Sept ruches en Bretagne
Depuis la mise en place du site, en mai dernier, 80ruches ont vu le jour en France, sept sont ouvertes à la vente. Les autres sont en cours de recensement des membres et des producteurs. La Bretagne en compte sept, qui vont entrer en service dans les semaines à venir: à Pluneret, Vannes et Séné pour le Morbihan, Concarneau, Dinéault et Pleyber-Christ pour le Finistère, et Trébeurden pour les Côtes-d'Armor.
Une offre locale
Concrètement, chaque ruche rassemble de 25 à 50 familles, voire davantage à Paris (plus de 300foyers).

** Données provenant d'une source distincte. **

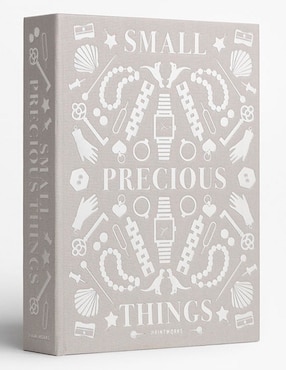 Caja decorativa Printworks Precious libro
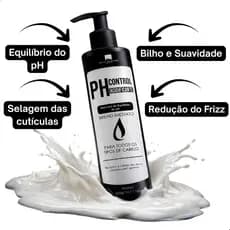 Acidificante Equilibrio Ph Balancer Tratamento Capilar 300g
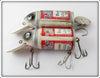 Heddon Big Bud Pair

Lorsque les commandes ont atteint un montant minimum, la ruche propose l'offre aux producteurs locaux (fruits, légumes, viandes, produits laitiers...). La marchandise est livrée dans les jours qui suivent. La ruche de Savenay (44), qui a ouvert il y a deux semaines, réunit 45 foyers dans un rayon de 20km et une vingtaine de fournisseurs. Pour son démarrage, les commandes portaient sur des viandes et des grillades bio, des chips, des huiles alimentaires, des légumes... Le panier pour quatre personnes de tomates, aubergines, poivrons, pâtissons, salades, carottes et oignons étant vendu 18EUR. La caissette de 5kg de viande de porc bio était vendue 45EUR (soit 9EUR le kg) et les grillades bio 11EUR le kg, «bien moins cher qu'au magasin bio voisin qui affichait 14 à 15EUR le kg de viande de porc et 24EUR le kg de grillades», précise Gérard Covos, le responsable de la ruche locale, cadre dans l'industrie métallurgique. Si l'adhésion à La ruche qui dit oui est gratuite, 20% de commissions sont ajoutées aux prix proposés: 10% pour le site mère et 10% pour le responsable local de la ruche.